# WHAT YOU WILL DO
The expected output is the line bearing "Pigeon perching on wall" followed by all remaining lines of the records, each restated word for word.
★ ★ ★ ★ ★
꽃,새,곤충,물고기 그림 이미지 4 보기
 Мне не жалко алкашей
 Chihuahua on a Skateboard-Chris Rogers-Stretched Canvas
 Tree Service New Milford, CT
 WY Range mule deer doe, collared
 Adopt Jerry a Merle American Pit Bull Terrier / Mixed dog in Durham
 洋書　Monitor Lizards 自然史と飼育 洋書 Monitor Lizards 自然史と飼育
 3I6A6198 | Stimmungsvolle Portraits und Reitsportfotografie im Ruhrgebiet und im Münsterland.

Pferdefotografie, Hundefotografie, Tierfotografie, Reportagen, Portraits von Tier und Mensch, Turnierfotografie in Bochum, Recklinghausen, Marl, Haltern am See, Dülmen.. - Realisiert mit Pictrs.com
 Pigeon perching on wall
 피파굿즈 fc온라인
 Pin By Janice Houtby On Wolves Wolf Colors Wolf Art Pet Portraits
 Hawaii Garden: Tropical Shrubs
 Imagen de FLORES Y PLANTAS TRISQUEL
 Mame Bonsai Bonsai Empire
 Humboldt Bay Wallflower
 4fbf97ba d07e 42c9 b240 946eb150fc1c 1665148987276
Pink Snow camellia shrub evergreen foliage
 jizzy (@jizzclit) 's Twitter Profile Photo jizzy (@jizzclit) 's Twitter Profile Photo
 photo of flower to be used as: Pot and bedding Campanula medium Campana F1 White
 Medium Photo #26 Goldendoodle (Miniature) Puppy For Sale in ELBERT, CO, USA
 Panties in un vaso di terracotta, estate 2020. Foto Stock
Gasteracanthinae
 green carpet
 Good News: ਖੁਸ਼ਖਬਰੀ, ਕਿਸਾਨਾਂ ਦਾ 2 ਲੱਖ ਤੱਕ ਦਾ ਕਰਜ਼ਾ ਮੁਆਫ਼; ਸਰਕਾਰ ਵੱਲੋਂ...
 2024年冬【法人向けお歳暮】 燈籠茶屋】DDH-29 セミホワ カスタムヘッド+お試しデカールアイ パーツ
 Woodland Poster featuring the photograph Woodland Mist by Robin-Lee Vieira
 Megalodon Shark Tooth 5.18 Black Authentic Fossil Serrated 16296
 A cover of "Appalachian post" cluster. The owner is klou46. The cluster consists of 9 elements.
★ ★ ★ ★ ★
# RESULT FOR THIS EXERCISE
 Pigeon perching on wall
 피파굿즈 fc온라인
 Pin By Janice Houtby On Wolves Wolf Colors Wolf Art Pet Portraits
 Hawaii Garden: Tropical Shrubs
 Imagen de FLORES Y PLANTAS TRISQUEL
 Mame Bonsai Bonsai Empire
 Humboldt Bay Wallflower
 4fbf97ba d07e 42c9 b240 946eb150fc1c 1665148987276
Pink Snow camellia shrub evergreen foliage
 jizzy (@jizzclit) 's Twitter Profile Photo jizzy (@jizzclit) 's Twitter Profile Photo
 photo of flower to be used as: Pot and bedding Campanula medium Campana F1 White
 Medium Photo #26 Goldendoodle (Miniature) Puppy For Sale in ELBERT, CO, USA
 Panties in un vaso di terracotta, estate 2020. Foto Stock
Gasteracanthinae
 green carpet
 Good News: ਖੁਸ਼ਖਬਰੀ, ਕਿਸਾਨਾਂ ਦਾ 2 ਲੱਖ ਤੱਕ ਦਾ ਕਰਜ਼ਾ ਮੁਆਫ਼; ਸਰਕਾਰ ਵੱਲੋਂ...
 2024年冬【法人向けお歳暮】 燈籠茶屋】DDH-29 セミホワ カスタムヘッド+お試しデカールアイ パーツ
 Woodland Poster featuring the photograph Woodland Mist by Robin-Lee Vieira
 Megalodon Shark Tooth 5.18 Black Authentic Fossil Serrated 16296
 A cover of "Appalachian post" cluster. The owner is klou46. The cluster consists of 9 elements.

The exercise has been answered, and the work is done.